Early on in the book Tresidder lists the four steps you need to take to determine your retirement number as follows:
- Figure out how much income you need in retirement based on your estimated spending.
- Subtract how much income you’ll get from pensions, Social Security, and other investments to determine your income shortfall.
- To cover that shortfall, figure how much you can safely withdraw from savings accounts without being at risk of outliving your money.
- This withdrawal rate and income requirement mathematically determines how much money you need to save to retire so you don’t run out of money before you run out of life.
This all seems very straight-forward until the author then lists seven questions which are impossible to answer (like “What year will both you and your spouse die?”) that he says have to be answered for the four steps above to work. The author then spends the next several chapters giving advice on how to account for these seemingly unanswerable questions.
My Take on the Four Steps
The above is not an impossible task by any means. It’s basically what I did in A Different Retirement Plan.
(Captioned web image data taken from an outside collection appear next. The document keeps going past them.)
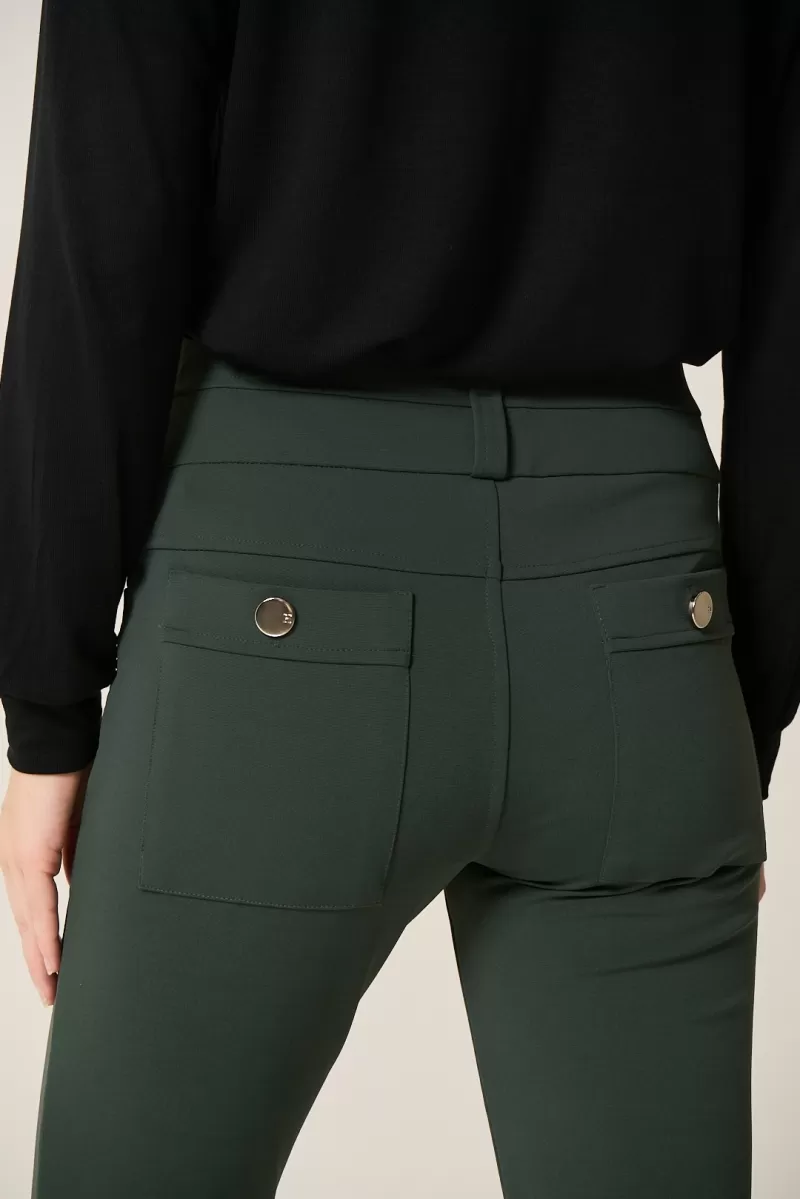 Hidrogênio - LUCIANA GREEN FISHERMAN PANTS WITH POCKETS AND PIPE - 20307009 Hidrogênio - LUCIANA GREEN FISHERMAN PANTS WITH POCKETS AND PIPE - 20307009
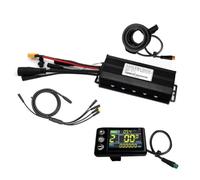 NONDK Controlador de Bicicleta Eléctrica de Modos 24 V/36 V/48 V con Pantalla A Color LCD S866 Conector Impermeable Piezas de Conversión de Motor de 1000 W, A
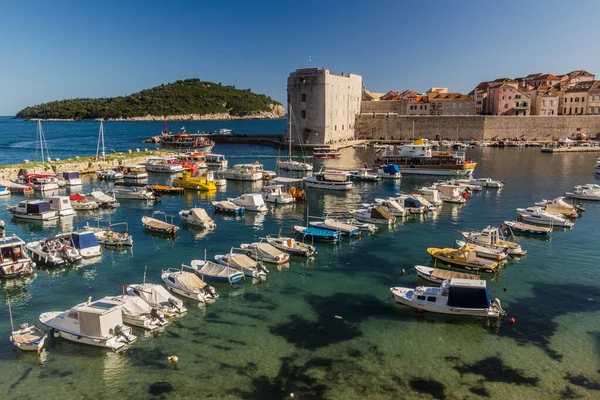 Dubrovnik Croatia May 2019 Boats Old Town Dubrovnik Croatia — Stock Photo, Image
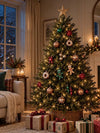 42 pcs Gingerbread Candyland Christmas Tree Ornaments, Xmas Tree Decoration Balls Set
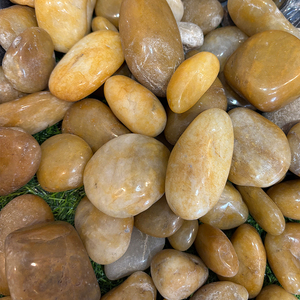 China Factory High <strong>Polished</strong> Yellow Pebble <strong>Stone</strong> 2-3 cm Oval Shape Yellow <strong>Polished</strong> <strong>River</strong> Rock <strong>Stone</strong> Smooth Pebbles - Product Image 2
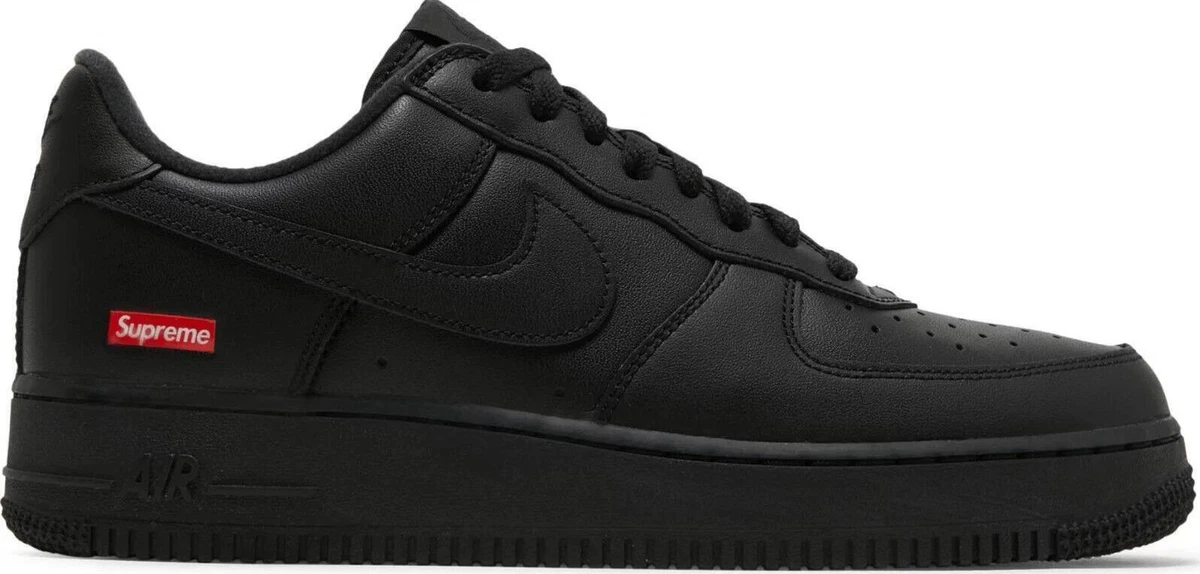 Nike Air Force 1 Low x Supreme Box Logo - Black for Sale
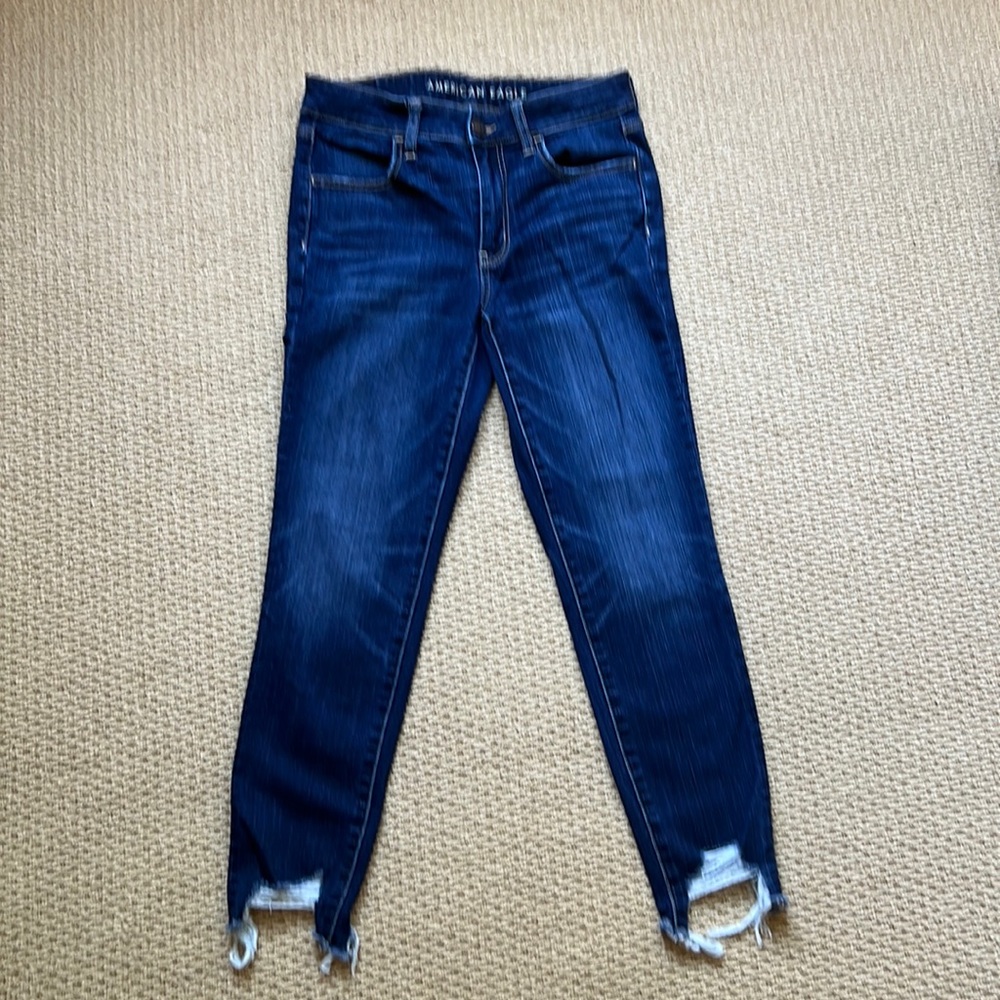 American Eagle Hi-Rise Jegging Crop Denim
With that in mind, here are my thoughts on the steps above and how to get close to an accurate retirement number:
- I agree that you should start with your estimated spending. I would recommend putting together a specific budget rather than just taking a percentage (like 80%) of your current income or spending (which many “experts” advise). You have to know as close as possible to what you’ll spend so you will know your annual income requirements. Making a detailed budget is the best way to be as accurate as possible.
- From the spending number, subtract your various sources of income. If you retire early, there will be no pension, IRA/401k, or Social Security income — you’ll just have to make it on the ability of your investments to generate income. For me, those are rental real estate and P2P lending.
- Unless your investments generate a boatload of income, you’ll likely have a shortfall. You’ll need to cover your shortfall from new sources of income (like a part-time job) or from withdrawals from your savings. Hopefully you either have a very large amount of savings or very small amount of shortfall (or both).
- Divide the amount of your savings by the annual shortfall and you’ll get the number of years your savings will last until it is depleted (or at least a close estimate of it — your savings can grow before you spend it all so it will likely last a bit longer than this).
- If you have an especially high number (mine was 180 years or so last time I ran it), you can feel free to retire safely. You have more than enough margin for error, inflation, large mishaps, and other dangers that might derail your plans.
- If you have an especially low number (like 10 when you are 50 years old), then unless you’re planning on dying before you get to 60, you don’t have enough.
- There is a middle-of-the road number that isn’t enough in and of itself, but allows you to safely reach Social Security, pensions, 401ks/IRAs, etc. which then get you over the hump. For example, if you are 50 and have 20 years of funds to cover retirement expenses, but you then have $500,000 available at 59 1/2 from an IRA and Social Security at age 67, then you’ll likely be able to make it (you should run the numbers to be sure).
This seems like an easy way to get a solid retirement number with a fair bit of accuracy.
Anyone think I missed anything or have any comments to make this analysis better?